== About this task ==
Could you copy exactly the lines below, beginning at the line with "creamy italian baked" and stopping after the line with "Interferogram Of Napa", with no pictures?

== Information given ==
#####

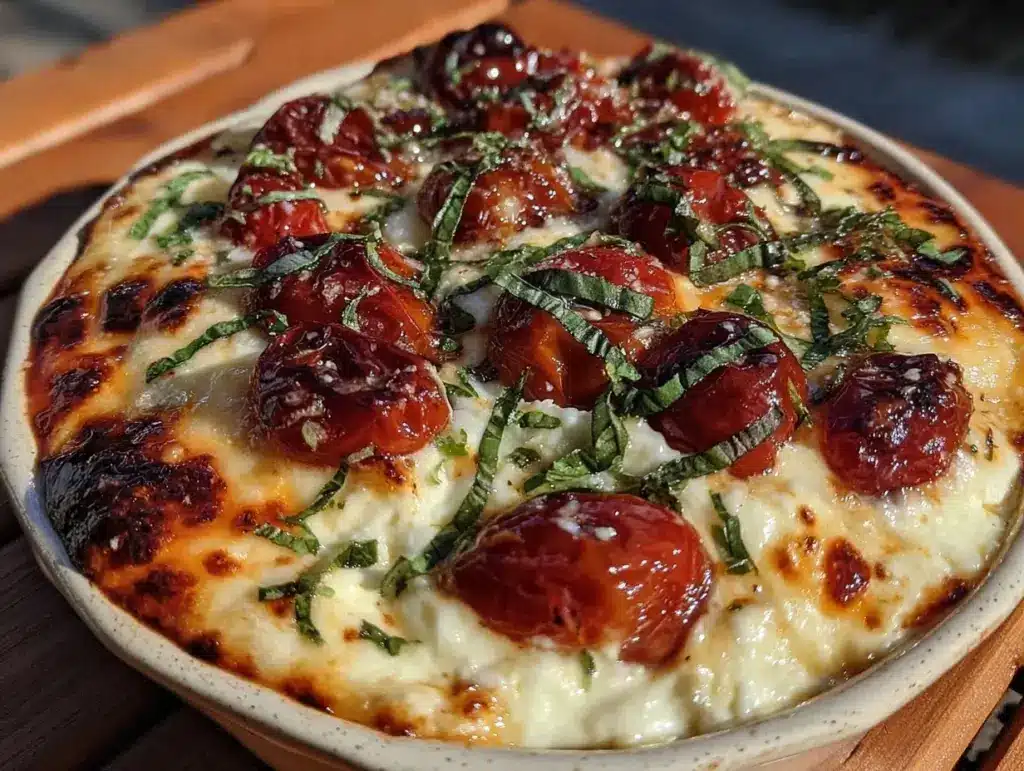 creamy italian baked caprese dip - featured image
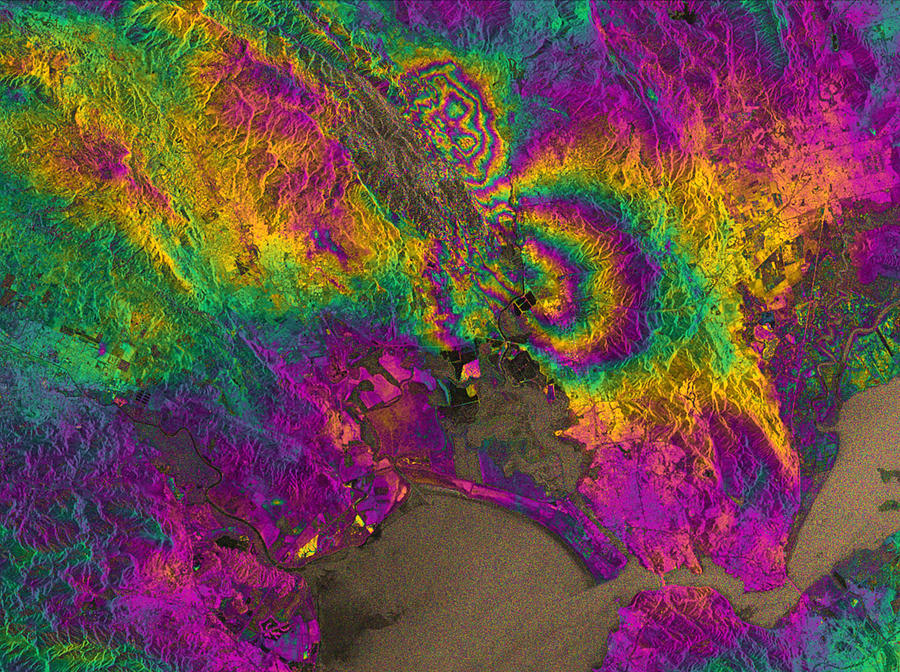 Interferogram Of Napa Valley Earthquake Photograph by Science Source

#####

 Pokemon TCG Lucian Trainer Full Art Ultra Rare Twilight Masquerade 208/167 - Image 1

#####

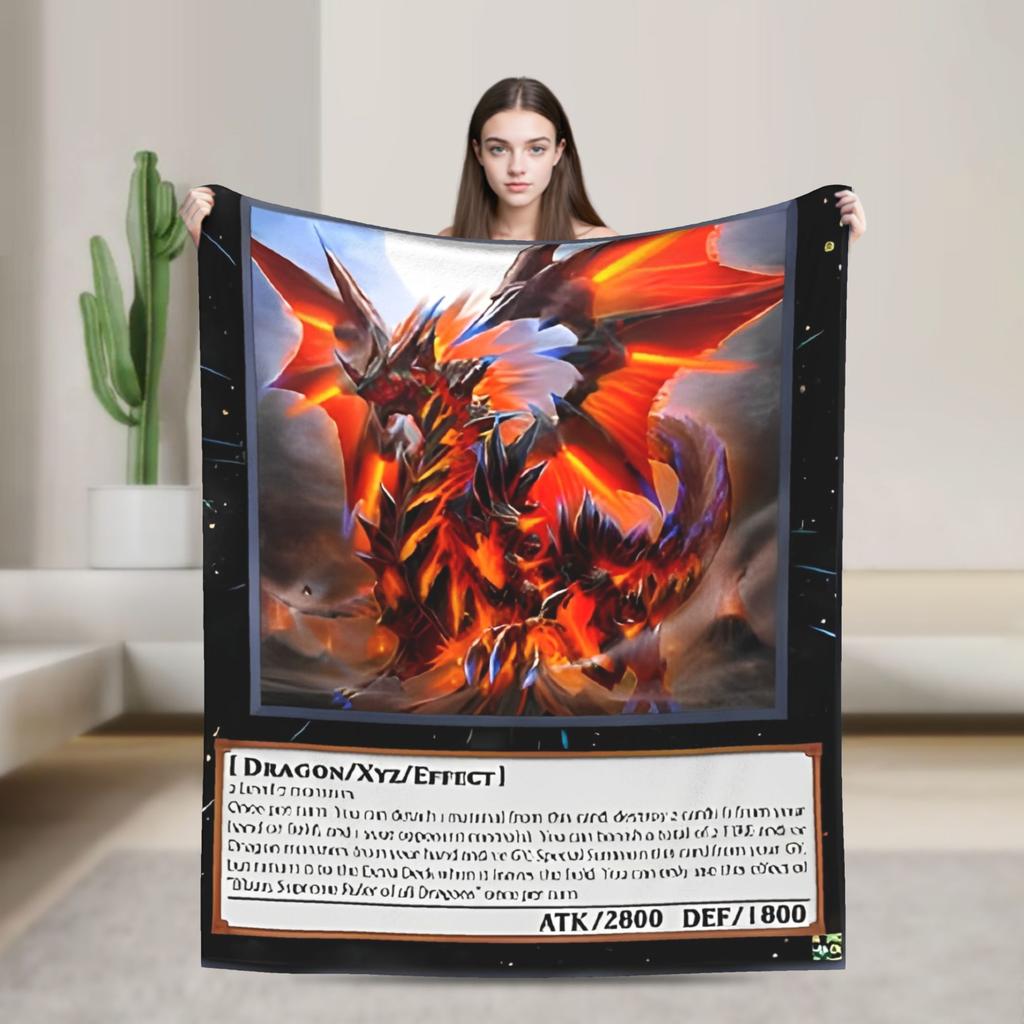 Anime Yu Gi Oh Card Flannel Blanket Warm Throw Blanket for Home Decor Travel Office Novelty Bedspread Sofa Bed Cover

#####

== Exercise response ==
 creamy italian baked caprese dip - featured image
 Interferogram Of Napa Valley Earthquake Photograph by Science Source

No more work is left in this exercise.